Few on-air promos enjoy the kind of reputation this pair of early 90s WPRB recordings promoting the station’s “Hypnotized Cheese” t-shirts do. Apart from being one of the most popular shirts ever produced by the station (in its day, the Hypnotized Cheese guy could be frequently spotted in the crowd on any given night at Maxwell’s or the Khyber Pass), the on-air spots used to hawk them were almost as ubiquitous as the shirts themselves. (Listeners would routinely call and request them. Jon Solomon claims to have received one such request within the last year!)

To properly honor the legacy of WPRB’s Hypnotized Cheese mascot (who also appeared on the cover of a printed program guide which you can check out in our upcoming exhibit of station history at Princeton University’s Mudd Library), here are the two original promos. These spots were voiced, written, and produced by Matthew Robb (Myron), John Clements (Robin Leach impersonator), and Hugh Hynes (production).
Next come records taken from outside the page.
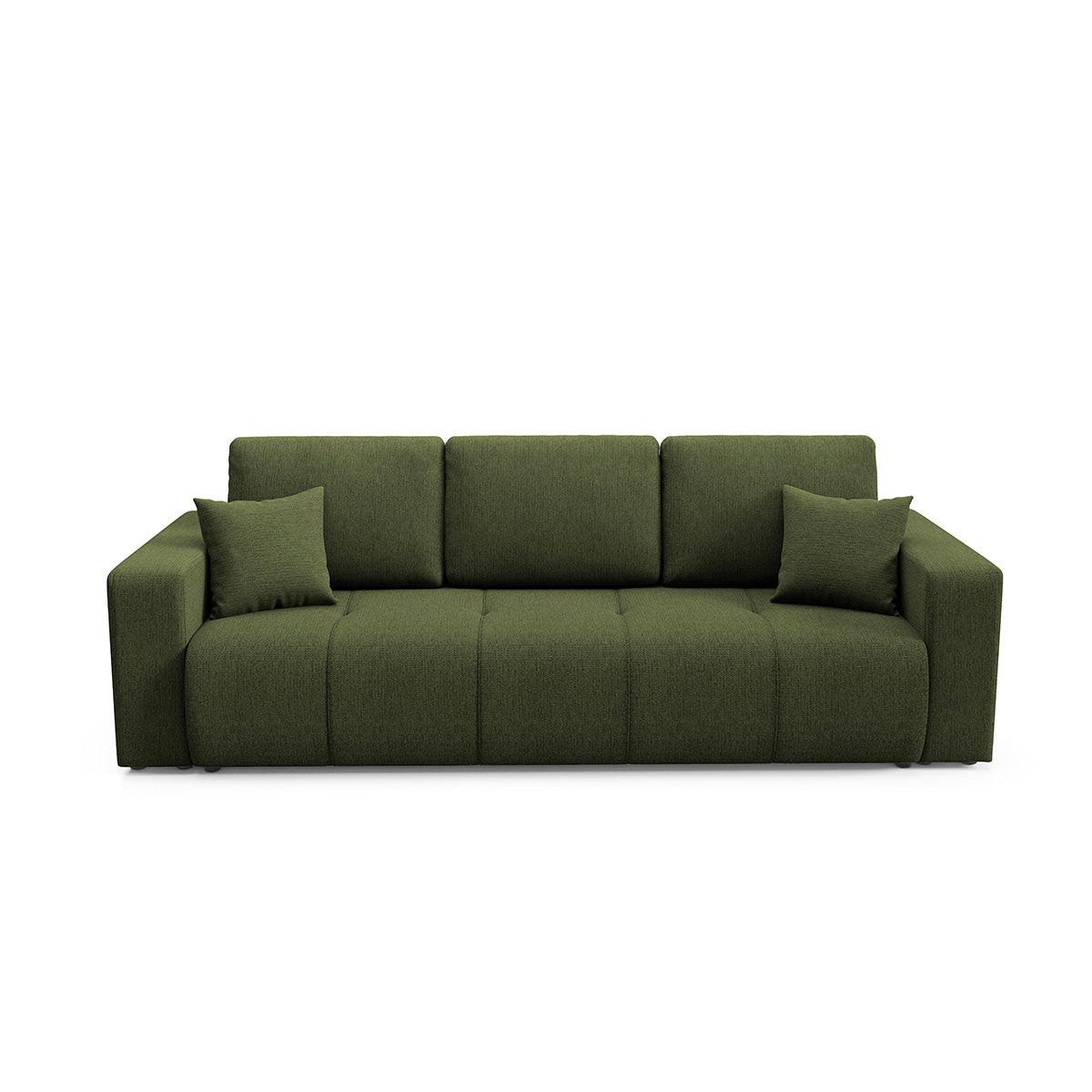 SOFA Vasco 3 Sitzplätze Grün - Grün, Holz (244/86/92cm) - Petits-meubles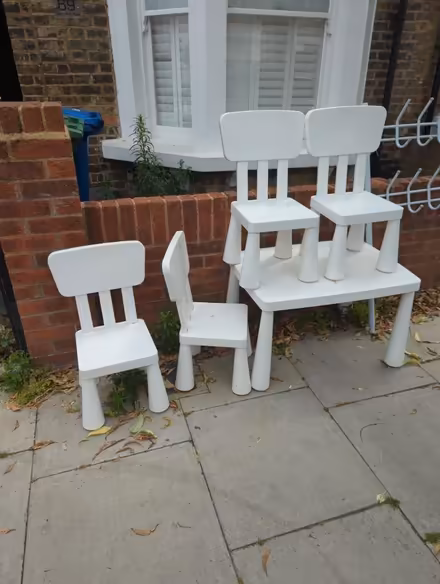 Photo of free Ikea kids table and chairs (Southwark) #1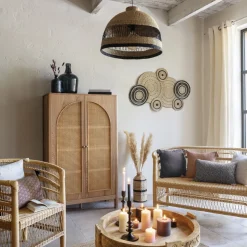 Fotel Malevio naturalny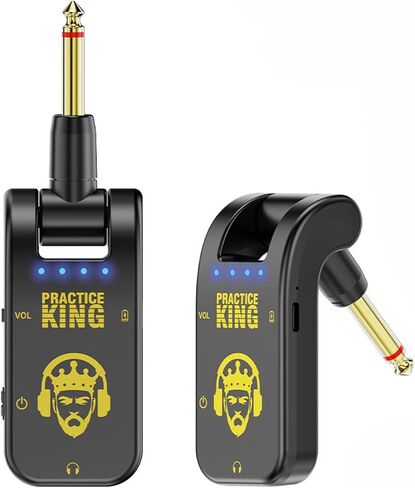 Mini Guitar Headphone Amp, Distortion Timbre Electric Guitar Headphone Amplifier, Micro Headphone Amplifier(Black) in Kuwait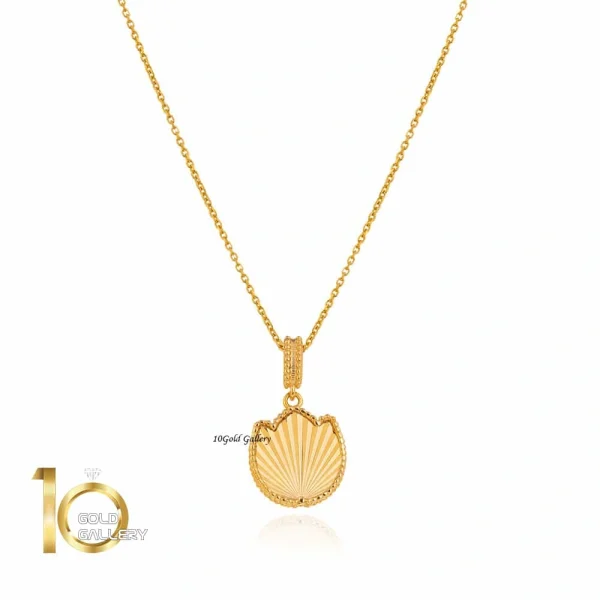 آویز طلا طرح گل لاله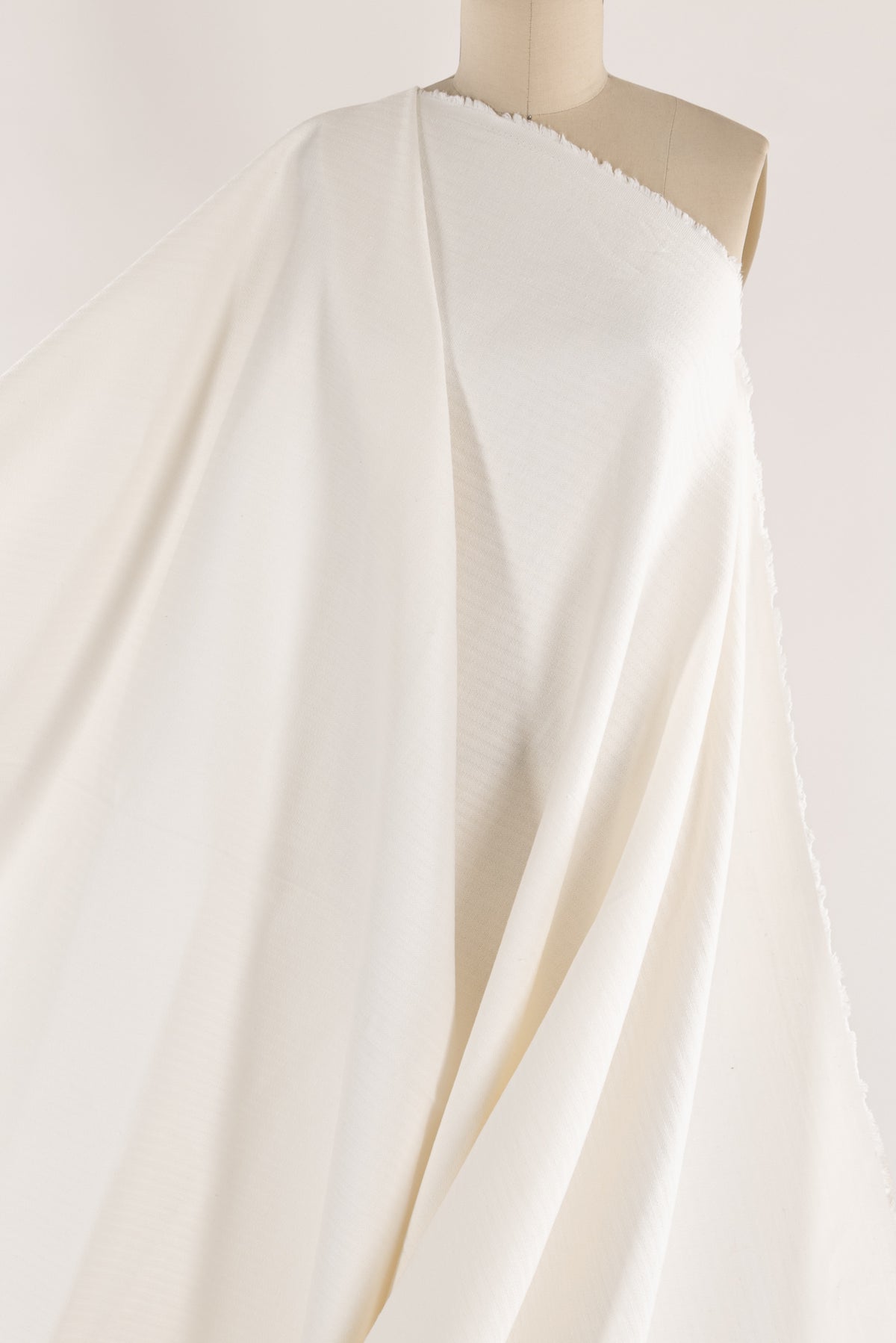 Arctic White Italian Cotton Woven
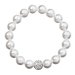 Náramek perlový se Swarovski Elements 33074.1 Bílý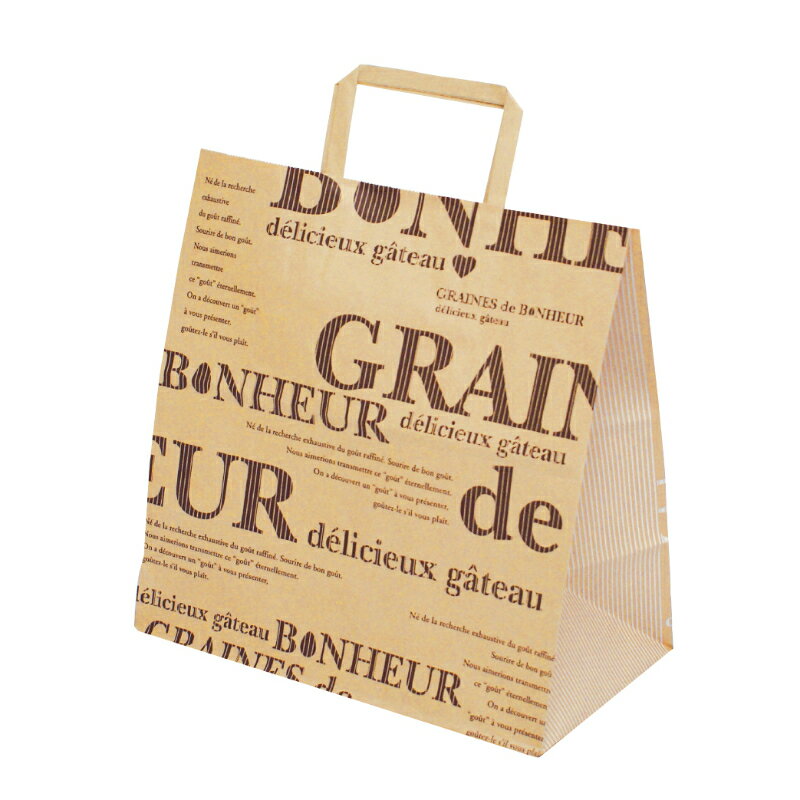 【300点】紙手提袋 パティスリーバッグ ボヌール 中 ヤマニパッケージ 00800817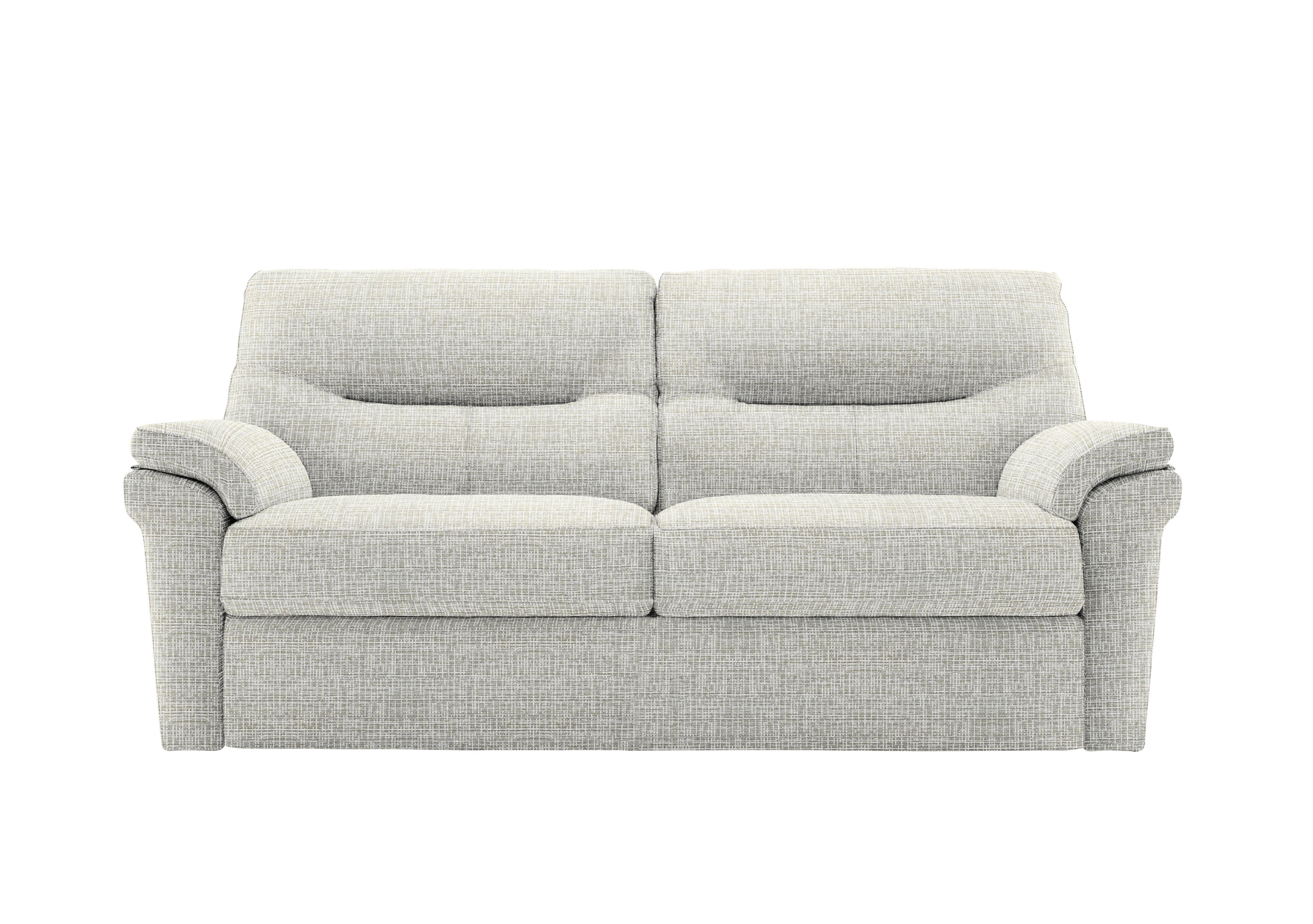 Seattle 3 Seater Fabric Sofa in B920 Waffle Taupe on Furniture Village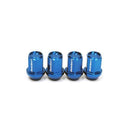 WedsSport Racing 4-Pack Blue Lug Nuts 12x1.25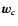 $\vec{w}_c$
Hypnotized Cheese Promo #1


Hypnotized Cheese Promo #2

Bonus: Here are scans of the original scripts and production notes for each.

Promo 1 || Promo 2

A limited-run, 20th anniversary edition of the Hypnotized Cheese t-shirt was produced as a special fundraising item back in 2012. It sold out rapidly, proving the design’s enduring appeal. Will there be a third edition? Time will tell…

In the meantime, here’s the video for Spectrum’s “How You Satisfy Me”, which served as background music in Promo #1 and was, by all accounts, one of the biggest WPRB hits of the era.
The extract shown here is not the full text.